North America, United States, Alaska, Talkeetna Mountains

  • Climbs And Expeditions
  • Climb Year:
  • Publication Year: 1970

Talkeetna Mountains. In March my husband Vin and I left the Glenn Highway at Mile 123 near Tahneta Lake. We motormushed and skijored north up Crooked Creek into South Creek, above which we made the first ascent of Table Mountain. A few weeks later we again ascended Crooked Creek, this time to Albert Creek. Turned back by deep snow on Belanger Pass, we returned to South Creek, crossed South Lake and went up to a pass that led into the Albert Creek watershed. We skied to Alfred Creek, ascended a north fork of it and made the first ascent of the highest Horn Mountain, “Big Horn” (6418 feet). This shows how far one can go in a single day with snowmobiles, but these vehicles must be used judiciously. In June C. McLaughlin and R. Spurr made the first ascent of P 5530, 1¼ miles north of Fern Mine.

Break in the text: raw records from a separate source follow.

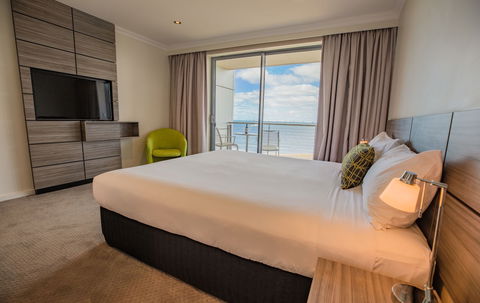 Aurora Ozone Hotel - Yamba Accommodation 2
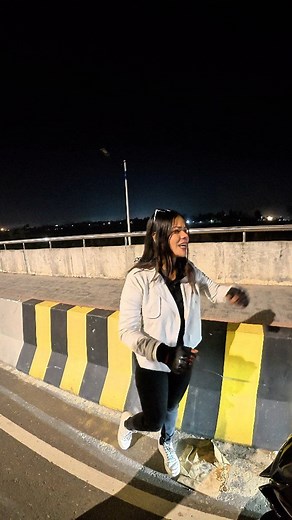 Ride With Ruhee সাথে আজ অনাকাঙ্ক্ষিত ঘটনা ঘটে গিয়েছে। মেয়েরা কোন জায়গায় নিরাপদ নয় এই টাইপের কিছু কীট পতঙ্গের জন্য। আমরা সবাই নারীদের প্রতি শ্রদ্ধা রেখে আশেপাশে থাকা এমন কীট পতঙ্গের বিরুদ্ধে রুখে দাঁড়াই। | Sdm Vlog Official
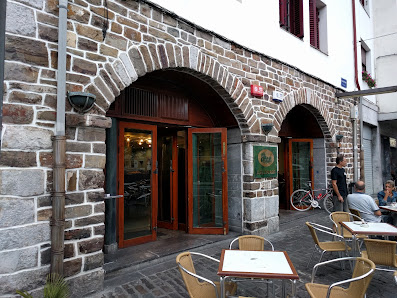 Cafetería Zalburdi Arakistain Plaza, 1, 20820 Deba, Gipuzkoa, España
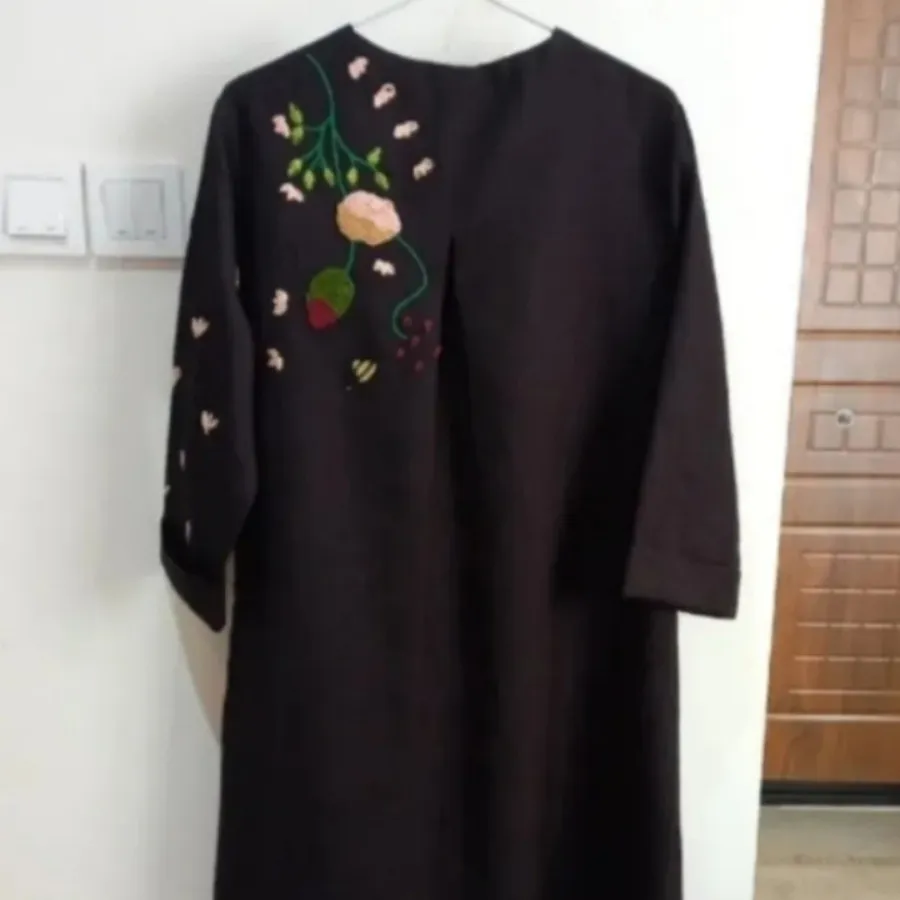 مانتو مشکی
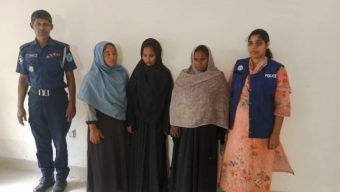 বরিশাল থেকে মাদারীপুর গিয়ে ছিনতাই করার সময় তিন নারী আটক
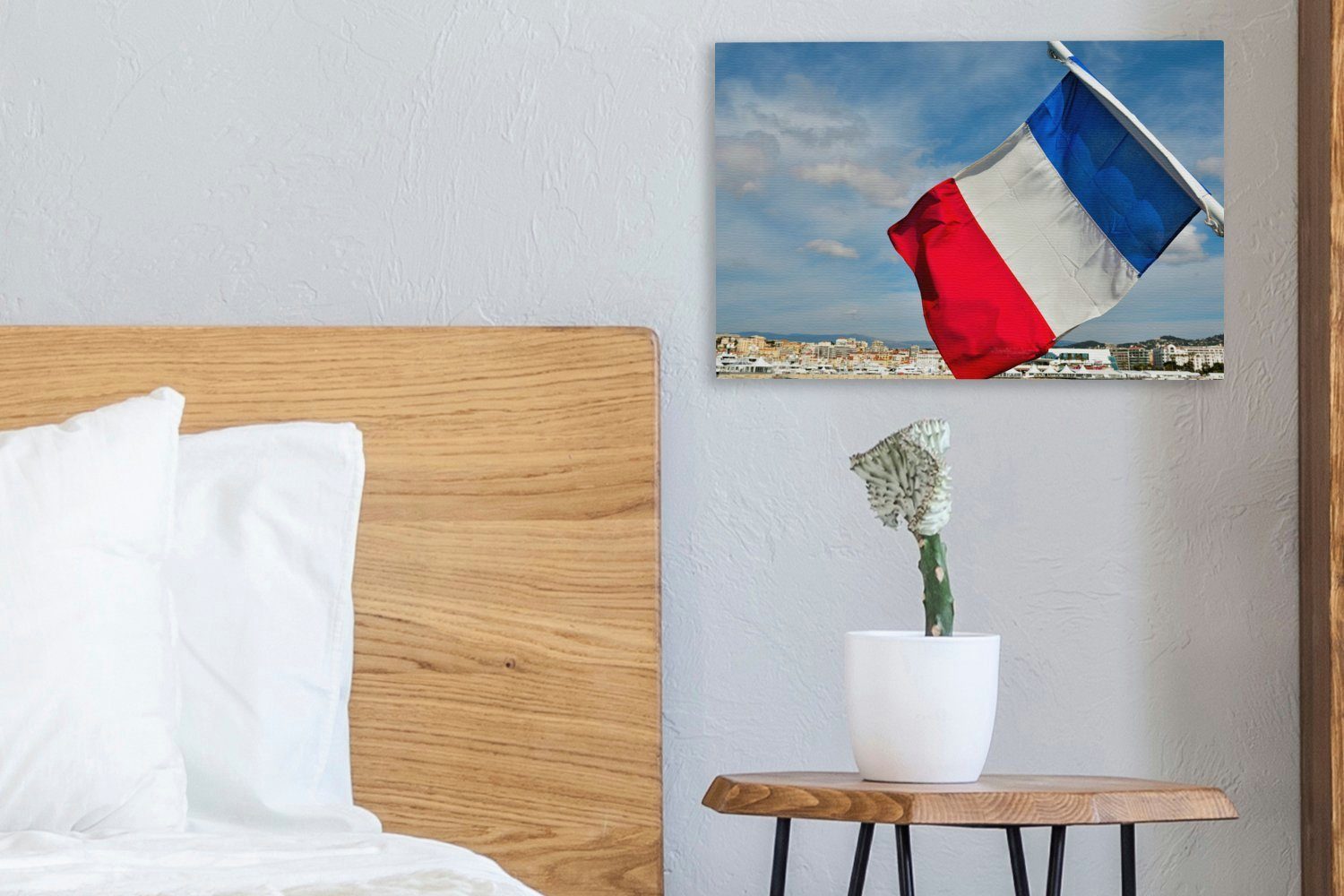 OneMillionCanvasses® Leinwandbild Französische Flagge Aufhängefertig, Wandbild 30x20 Wanddeko, Cannes, auf (1 Blick mit St), Leinwandbilder, cm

McLaughlin and W. Gehman attempted P 6693, one of the “Three Bell Spires”, west of the Mint Glacier. Cloud and wet rock prevented their climbing the main peak, but they did reach the top of one of the lower spires (6550 feet), south of the highest spire (F7). A few weeks later McLaughlin soloed “Trouble Mint Spire” (6850 feet), southeast of Mint Glacier. He climbed the southwest face of this peak, one of many fine granite spires in the region. F. Cady, C. Patterson, D. Albert and K. Hammond in August made the first ascent of P 6875, which lies 2½ miles north of Anthracite Ridge.